# DATA SHOWN:

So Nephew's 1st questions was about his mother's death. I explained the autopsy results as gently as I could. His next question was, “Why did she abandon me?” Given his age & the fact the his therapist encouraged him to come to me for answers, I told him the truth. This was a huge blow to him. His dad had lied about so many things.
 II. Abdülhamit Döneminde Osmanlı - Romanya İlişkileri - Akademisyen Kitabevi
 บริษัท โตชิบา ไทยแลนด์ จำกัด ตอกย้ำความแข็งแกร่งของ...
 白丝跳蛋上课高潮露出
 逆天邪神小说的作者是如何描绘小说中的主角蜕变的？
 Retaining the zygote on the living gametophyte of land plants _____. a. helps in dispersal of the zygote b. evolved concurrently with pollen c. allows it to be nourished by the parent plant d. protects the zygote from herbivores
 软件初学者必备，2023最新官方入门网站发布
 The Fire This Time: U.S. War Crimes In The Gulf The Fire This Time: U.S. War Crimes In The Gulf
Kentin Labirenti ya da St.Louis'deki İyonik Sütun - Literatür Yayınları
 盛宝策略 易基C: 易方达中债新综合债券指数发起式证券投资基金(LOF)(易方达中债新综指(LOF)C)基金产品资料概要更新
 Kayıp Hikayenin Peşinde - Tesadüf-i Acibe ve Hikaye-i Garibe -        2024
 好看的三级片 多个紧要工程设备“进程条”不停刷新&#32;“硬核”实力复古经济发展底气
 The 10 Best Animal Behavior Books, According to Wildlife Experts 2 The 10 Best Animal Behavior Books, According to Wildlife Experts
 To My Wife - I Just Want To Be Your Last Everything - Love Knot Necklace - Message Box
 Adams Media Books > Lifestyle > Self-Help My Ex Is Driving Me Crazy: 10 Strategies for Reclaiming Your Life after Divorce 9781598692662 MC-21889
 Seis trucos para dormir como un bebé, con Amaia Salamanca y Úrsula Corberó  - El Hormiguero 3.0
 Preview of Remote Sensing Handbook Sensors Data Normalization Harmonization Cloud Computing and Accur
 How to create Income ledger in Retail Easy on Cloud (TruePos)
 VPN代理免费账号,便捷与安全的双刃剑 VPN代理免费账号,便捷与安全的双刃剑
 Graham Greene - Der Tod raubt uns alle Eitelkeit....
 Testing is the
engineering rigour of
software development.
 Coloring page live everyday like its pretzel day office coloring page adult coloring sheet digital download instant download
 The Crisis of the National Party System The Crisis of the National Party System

# WORK TO COMPLETE:
Reproduce the data above in full. Leave nothing out.

# REPLY:
So Nephew's 1st questions was about his mother's death. I explained the autopsy results as gently as I could. His next question was, “Why did she abandon me?” Given his age & the fact the his therapist encouraged him to come to me for answers, I told him the truth. This was a huge blow to him. His dad had lied about so many things.
 II. Abdülhamit Döneminde Osmanlı - Romanya İlişkileri - Akademisyen Kitabevi
 บริษัท โตชิบา ไทยแลนด์ จำกัด ตอกย้ำความแข็งแกร่งของ...
 白丝跳蛋上课高潮露出
 逆天邪神小说的作者是如何描绘小说中的主角蜕变的？
 Retaining the zygote on the living gametophyte of land plants _____. a. helps in dispersal of the zygote b. evolved concurrently with pollen c. allows it to be nourished by the parent plant d. protects the zygote from herbivores
 软件初学者必备，2023最新官方入门网站发布
 The Fire This Time: U.S. War Crimes In The Gulf The Fire This Time: U.S. War Crimes In The Gulf
Kentin Labirenti ya da St.Louis'deki İyonik Sütun - Literatür Yayınları
 盛宝策略 易基C: 易方达中债新综合债券指数发起式证券投资基金(LOF)(易方达中债新综指(LOF)C)基金产品资料概要更新
 Kayıp Hikayenin Peşinde - Tesadüf-i Acibe ve Hikaye-i Garibe -        2024
 好看的三级片 多个紧要工程设备“进程条”不停刷新&#32;“硬核”实力复古经济发展底气
 The 10 Best Animal Behavior Books, According to Wildlife Experts 2 The 10 Best Animal Behavior Books, According to Wildlife Experts
 To My Wife - I Just Want To Be Your Last Everything - Love Knot Necklace - Message Box
 Adams Media Books > Lifestyle > Self-Help My Ex Is Driving Me Crazy: 10 Strategies for Reclaiming Your Life after Divorce 9781598692662 MC-21889
 Seis trucos para dormir como un bebé, con Amaia Salamanca y Úrsula Corberó  - El Hormiguero 3.0
 Preview of Remote Sensing Handbook Sensors Data Normalization Harmonization Cloud Computing and Accur
 How to create Income ledger in Retail Easy on Cloud (TruePos)
 VPN代理免费账号,便捷与安全的双刃剑 VPN代理免费账号,便捷与安全的双刃剑
 Graham Greene - Der Tod raubt uns alle Eitelkeit....
 Testing is the
engineering rigour of
software development.
 Coloring page live everyday like its pretzel day office coloring page adult coloring sheet digital download instant download
 The Crisis of the National Party System The Crisis of the National Party System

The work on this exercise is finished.